> _Source data_
=== Begin Enclosure ===
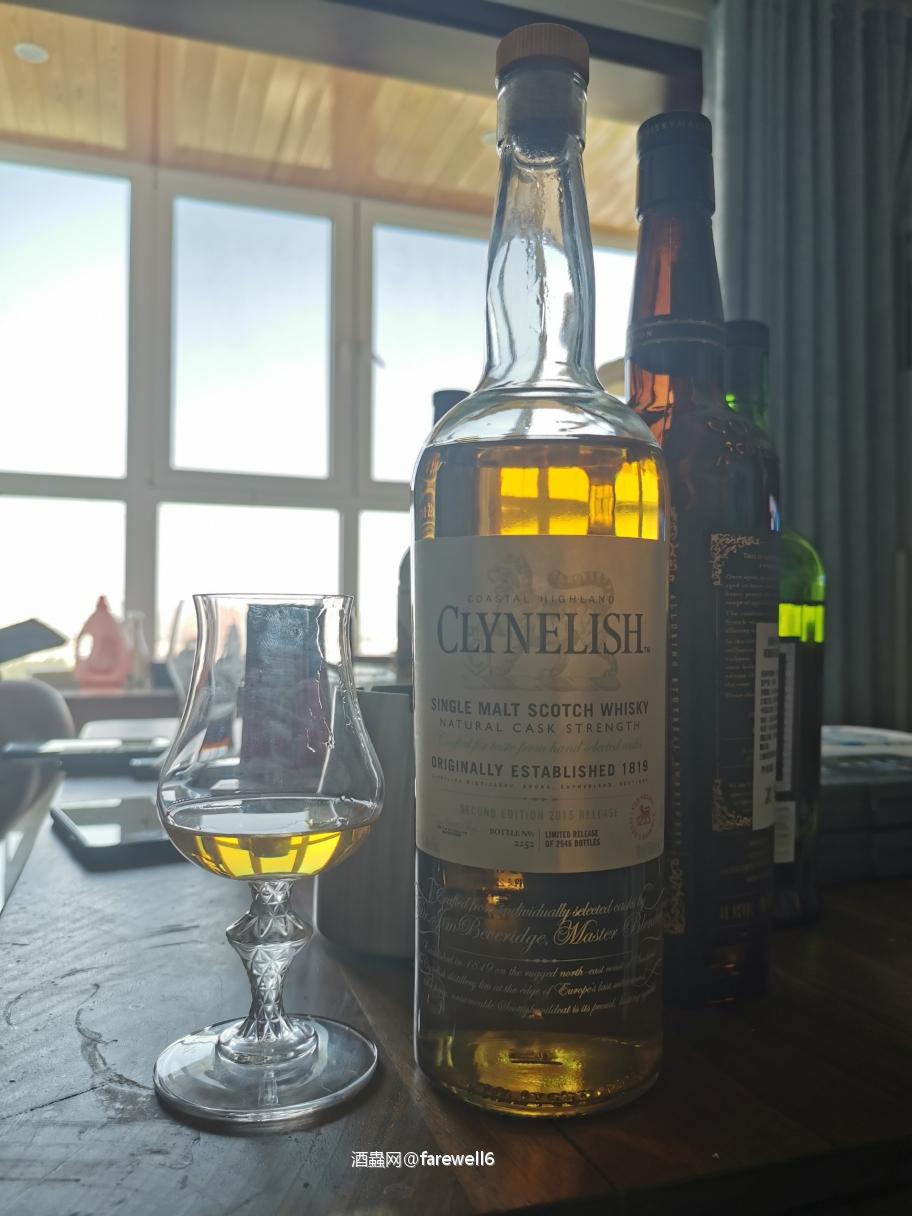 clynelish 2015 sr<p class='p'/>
=== End Enclosure ===
=== Begin Enclosure ===
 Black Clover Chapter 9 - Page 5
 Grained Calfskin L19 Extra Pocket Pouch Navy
=== End Enclosure ===
> _Exercise_
In the listing above, find the line holding "Black Clover Chapter 9 - Page 5" and the line holding "Grained Calfskin L19 Extra Pocket Pouch Navy", then output those two lines and every line between them exactly.

> _Answer to the problem_
 Black Clover Chapter 9 - Page 5
 Grained Calfskin L19 Extra Pocket Pouch Navy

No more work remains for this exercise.